Wir stellen vier Bücher vor, die wir im Bücherschrank Thalkirchen gefunden haben. Das sind die anderen drei aus unserem Quartett:

  • Ein grenzüberschreitender Klassiker aus den 70er Jahren:
    Raymond A. Moody: „Leben nach dem Tod”. 150 Menschen, die einmal im medizinischen Sinn gestorben waren und doch überlebt haben, berichten.

  • Ein Geschichts- und Heimatbuch mal anders:
    Henric L. Wuermeling: „Die Sendlinger Mordweihnacht”. Der Träger des Bayerischen Fernsehpreises erzählt die Geschichte der „ersten europäischen Revolution”.

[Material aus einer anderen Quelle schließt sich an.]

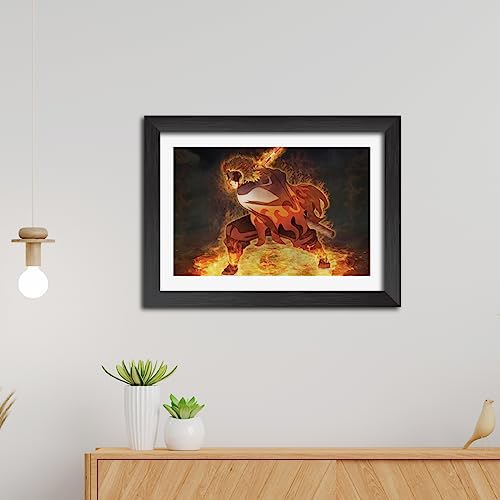 Image of TenorArts Kyojuro Rengoku Poster Demon Slayer Anime Laminated Posters Framed Paintings with Matt Finish Black Frame (12inches x 9inches)
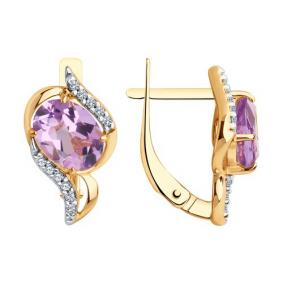 Серьги из золочёного серебра SOKOLOV 92022698 с фианитом и аметистом 92022698 фото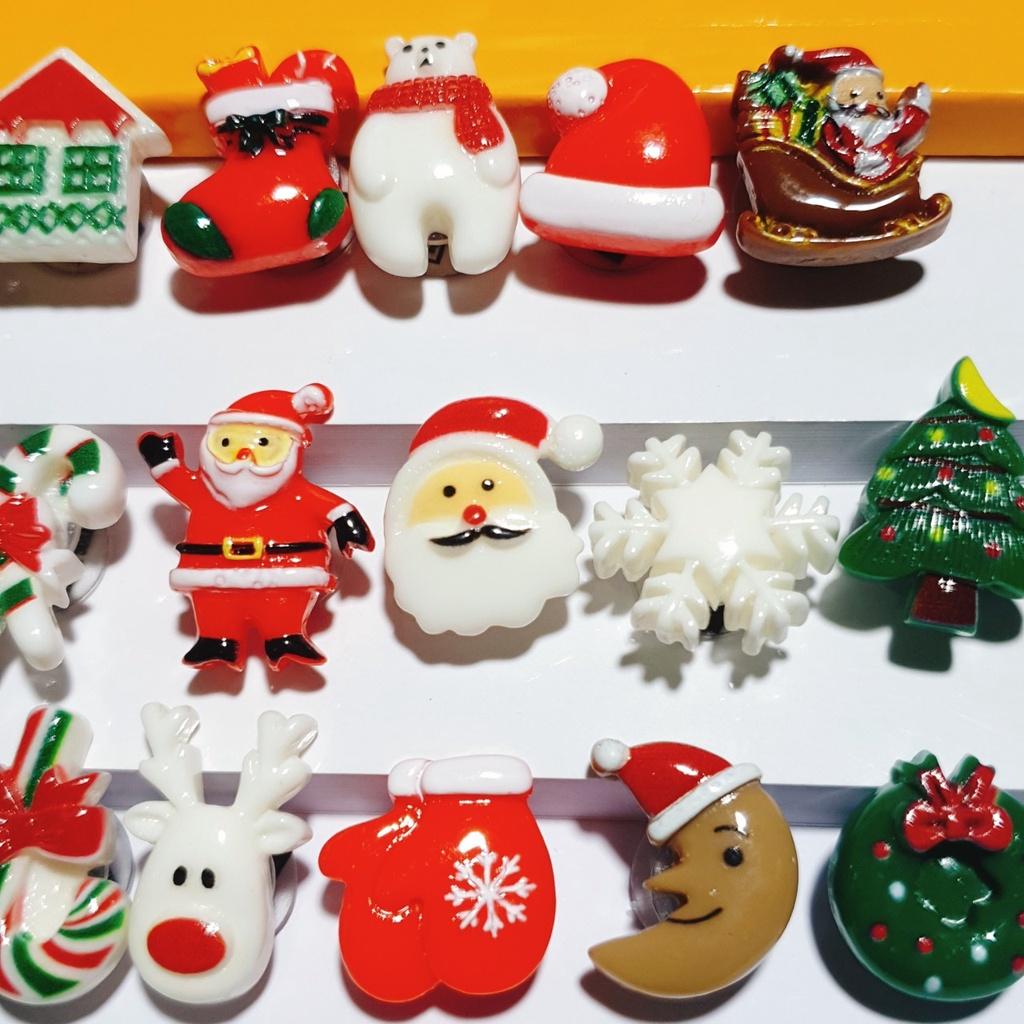 Sticker trang trí dép cross / nút gắn hkdesign mẫu về giáng sinh NOEL gắn sục/ duet nữ (1 cái)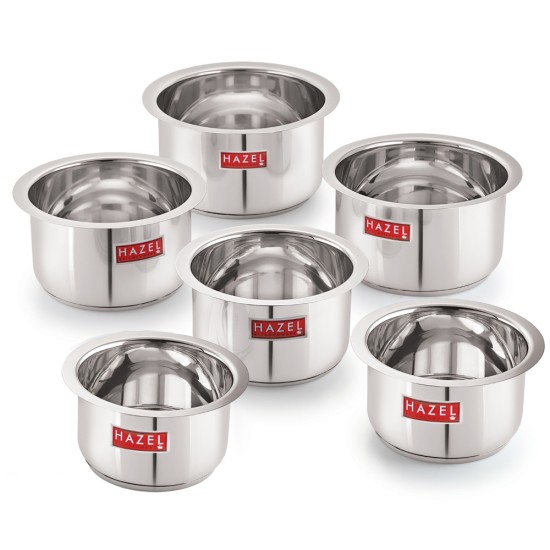 HAZEL Induction Base Tope Stainless Steel Heavy Base Thick Flat Bottom Patila Cookware Utensil For Kitchen, (1100 ml to 3900ml) Set of 6 Topes, Silver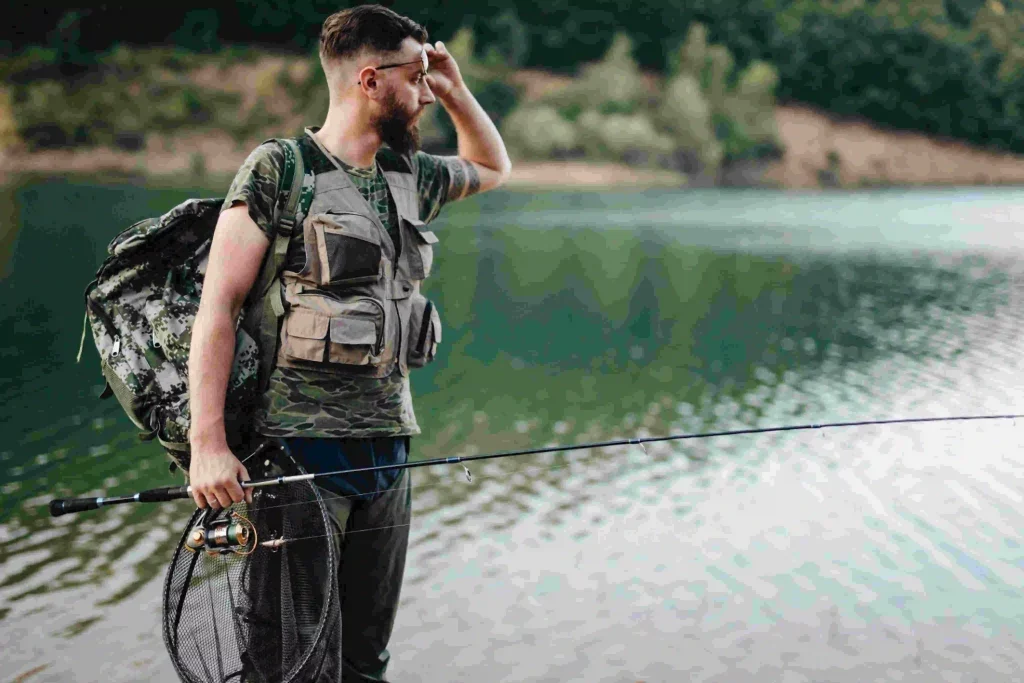 Man wearing fly fishing vest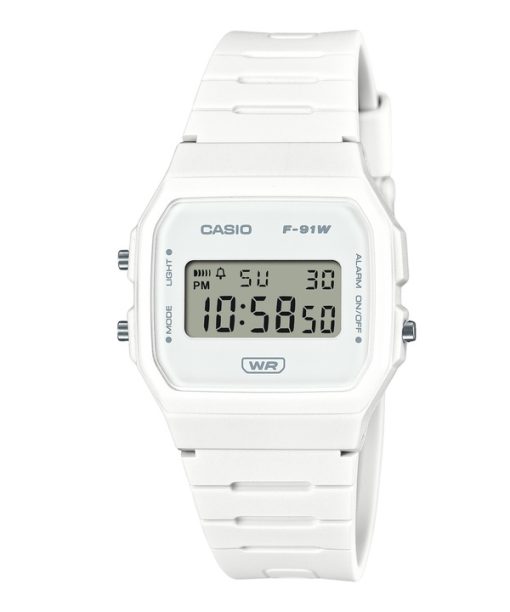 Casio Pop Digital Bio-basiertes weißes Harzarmband Quarz F-91WB-7A 100M Unisex-Armbanduhr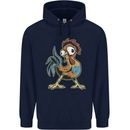 A Funky Rooster Farm Animals Chicken Mens 80% Cotton Hoodie Navy Blue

  • Ein Ratgeber für's Nicht-perfekt-sein-Müssen:
    Julia Heilmann und Thomas Lindemann: „Alle Eltern können schlafen lernen”. Erziehungsweisheiten auf den Kopf gestellt.

Wo steht er?

Der Bücherschrank Thalkirchen steht direkt auf dem Thalkirchner Platz nah am „Tierpark-Ausgang” der U3. Wenn man vor dem Maibaum steht, ist man fast schon da.